[Study material]
----
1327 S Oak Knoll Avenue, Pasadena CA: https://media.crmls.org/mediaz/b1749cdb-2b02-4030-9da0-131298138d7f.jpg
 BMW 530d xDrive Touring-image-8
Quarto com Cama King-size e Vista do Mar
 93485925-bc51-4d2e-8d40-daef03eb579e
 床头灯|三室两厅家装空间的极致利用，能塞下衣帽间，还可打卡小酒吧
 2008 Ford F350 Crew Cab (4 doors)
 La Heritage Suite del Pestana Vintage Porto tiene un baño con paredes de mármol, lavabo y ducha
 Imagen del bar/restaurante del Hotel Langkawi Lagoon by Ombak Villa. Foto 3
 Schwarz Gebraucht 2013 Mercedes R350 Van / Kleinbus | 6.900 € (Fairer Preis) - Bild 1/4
----
[Work request] Only the lines from the one with "Quarto com Cama King-size e Vista do Mar" through the final line above should be repeated, each exactly as written.

[Worked solution]
Quarto com Cama King-size e Vista do Mar
 93485925-bc51-4d2e-8d40-daef03eb579e
 床头灯|三室两厅家装空间的极致利用，能塞下衣帽间，还可打卡小酒吧
 2008 Ford F350 Crew Cab (4 doors)
 La Heritage Suite del Pestana Vintage Porto tiene un baño con paredes de mármol, lavabo y ducha
 Imagen del bar/restaurante del Hotel Langkawi Lagoon by Ombak Villa. Foto 3
 Schwarz Gebraucht 2013 Mercedes R350 Van / Kleinbus | 6.900 € (Fairer Preis) - Bild 1/4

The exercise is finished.